# Tripod collar for 200mm f/2.8 L?



## drmikeinpdx (Feb 18, 2013)

I picked up a used 200mm f/2.8 L that seems to work very well, but I think it needs a tripod collar for better stability. The Canon unit is quite expensive, of course.

I found this one online:

http://www.bhphotovideo.com/c/product/822975-REG/Vello_TC_AB_Tripod_Collar_A_Black.html

Has anyone tried one of these? Are there other alternatives to the Canon collar?


----------



## noisejammer (Feb 18, 2013)

There are plenty of options on fleabay... Search for an A(B) or A II (B) ring. I saw some going for $6


----------



## Nitroman (Feb 18, 2013)

I have the proper Canon Tripod Ring Mount and it cost a fortune. It is vastly overpriced.

I also bought a very cheap one on ebay and it was just as good ! You need one that also fits the 70-200 F4 (not F2.8 ) ... ideally a black one if u want to match lens colour. I have the 200mm F2.8 and 70-200mm F4 and I use the same mount.

This is the kind from Hong Kong.

http://www.ebay.co.uk/itm/Tripod-Mount-Ring-A-W-for-Canon-70-200mm-f-4L-IS-USM-Lens-/400358590703?pt=UK_Photography_CameraLenses_Lens_caps_hoods_adaptors_ET&hash=item5d373b48ef


----------



## pdirestajr (Feb 18, 2013)

I just picked up the Vello Tripod collar for the 100mm f/2.8L lens from B&H. It has a solid build quality. Metal with felt on its interior.


----------



## WPJ (Feb 18, 2013)

Anyone know where I can get one for the 300 2.8 canon?


----------



## drmikeinpdx (Feb 19, 2013)

Thanks guys, I found one on Ebay in black for about $6.00 including shipping from Hong Kong. LOL! It could take up to a month to arrive, but when it does I'll let you know how it works.


----------



## msowsun (Feb 19, 2013)

WPJ said:


> Anyone know where I can get one for the 300 2.8 canon?



I don't think you will find a 3rd party option. How did you get if off the lens?
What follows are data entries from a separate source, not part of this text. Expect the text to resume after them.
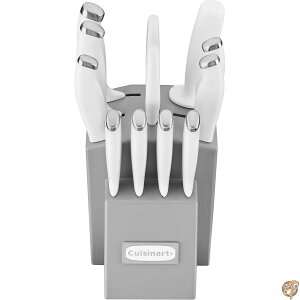 y|Cg3{!42028ԁzCuisinart C77SSW-12PG Color Pro Collection iCtubN12_Zbg zCg O[ubN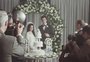 Trailer de "Priscilla" retrata casamento conturbado com Elvis Presley
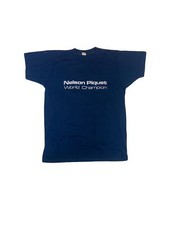 Shirt vintage anni nelson - vintage,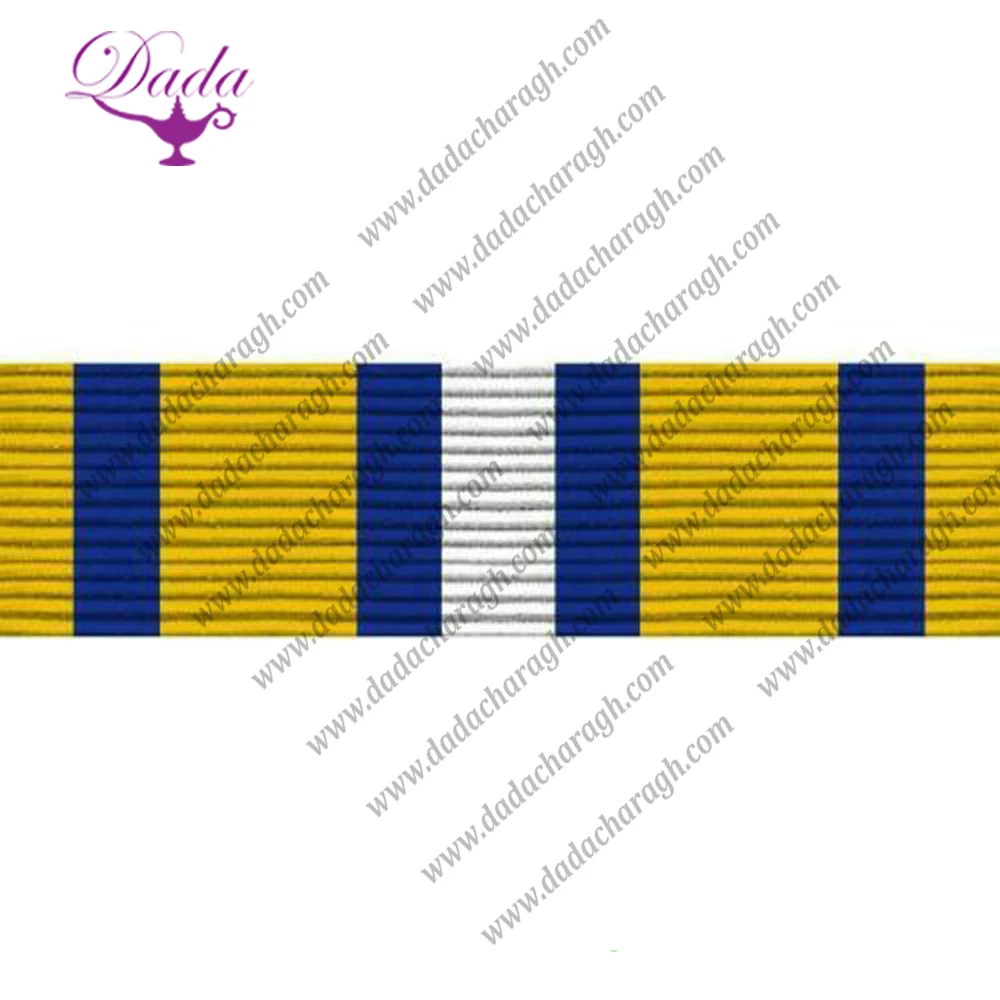 APTITUDE AWARD.jpg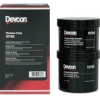 Devcon 10760 #1 Titanium Putty - One-stop shop for professional tools and equipment.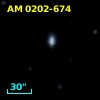 AM 0202-674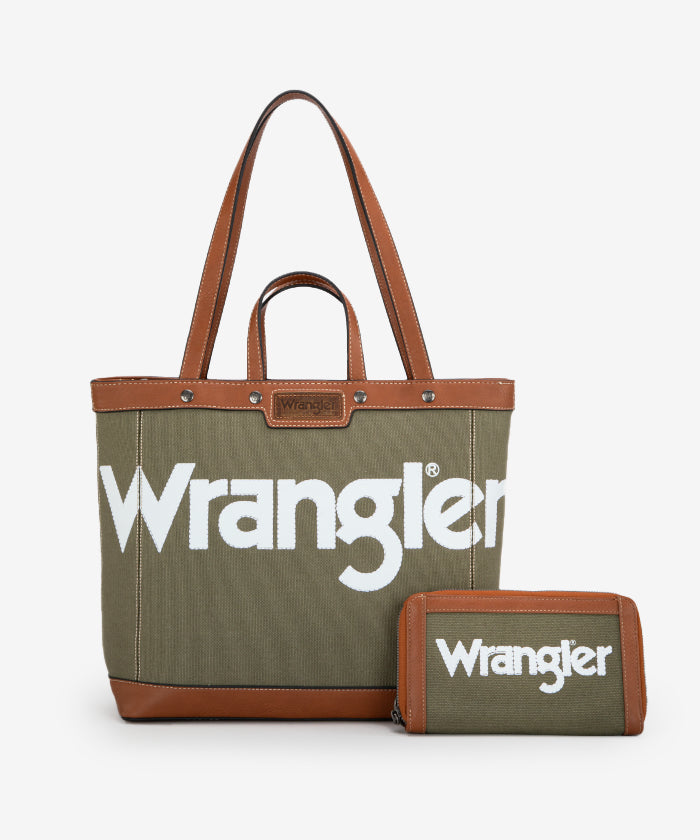 Wrangler_Leather_Trim_Canvas_Tote_Bag_Set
I assumed they were not removable.

Here is the Parts List: http://www.micro-tools.net/pdf/Canon/EF%20300%202.8%20L%20USM.pdf

There is "no stock" on the entire ring, but it looks like parts are available.


----------



## wle (Feb 20, 2013)

If you settle on one of the 'hinged' Hong Kong aftermarket tripod collars, make sure that the collar will allow your camera/lens to rotate to Portrait.

I ordered a Hong Kong special for my 100-400mm. Although not as refined and polished as the Canon original, it looks like it will service my lens just fine... except the groove in the collar where the little studs on the lens ride is not continuous through the hinge on the collar. The camera cannot rotate to 90 degrees (Portrait) because a stud hits the hinge. The Portrait position is located someplace in the middle of the hinge on the collar I ordered. Not good because I shoot a lot of Portrait oriented photos.

I finally bit the bullet and bought the Canon collar direct from Canon. Although expensive, it was less from Canon than any of the 'buy now' new ones I found on fleabay.

Oh yes the Hong Kong special seller would take it back and refund my money... but I would have to pay return shipping. The unit and packing weighs almost nothing... but shipping was about half the price I paid for the unit and more than twice the $6 +/- price of several units I saw on fleabay before selecting the collar I did.


----------



## drmikeinpdx (Mar 7, 2013)

OK, I got my nice black Hong Kong special for my 200 2.8 L Prime lens. Unfortunately, the diameter is too large for this lens. Guess I'll have to start over. Fortunately it was super cheap so I'll just throw it away.

I checked the Canon site where they list their tripod adapters and they don't say which one fits the 200 prime.


----------



## neuroanatomist (Mar 7, 2013)

drmikeinpdx said:


> I checked the Canon site where they list their tripod adapters and they don't say which one fits the 200 prime.



The 200/2.8L II takes the Canon Tripod Mount Ring A - there are actually four of them out there: A (B), A II (B), A (W) and A II (W). The MkI and MkII versions are interchangeable (slightly different styling), B=black and W=white. 

Here's the B&H version (Vello) - http://www.bhphotovideo.com/c/product/822975-REG/Vello_TC_AB_Tripod_Collar_A_Black.html


----------



## drmikeinpdx (Mar 12, 2013)

Thanks for the recommendation Neuro. I ordered that one from B&H. It's worth a bit more to get one that fits. 

Now I need to buy a lens to fit my Hong Kong ring!


----------



## noncho (Mar 12, 2013)

I have one like this http://www.ebay.com/itm/Tripod-Mount-Ring-A-W-for-Canon-EF-80-200mm-F2-8L-400mm-f-5-6L-USM-Black-/230893467954?pt=US_Lens_Adapters_Mounts_Tubes&hash=item35c252b932.

It's OK for my 200 2.8L II


----------



## brad-man (Mar 12, 2013)

drmikeinpdx said:


> Thanks for the recommendation Neuro. I ordered that one from B&H. It's worth a bit more to get one that fits.
> 
> Now I need to buy a lens to fit my Hong Kong ring!



How over sized is it? I bought a "better quality" Fotodiox Pro collar for my 70-200 f/4L IS from Amazon that didn't quite tighten completely. I ran 2 strips of quality electrical tape around the inside of the collar and now it is rock solid...


----------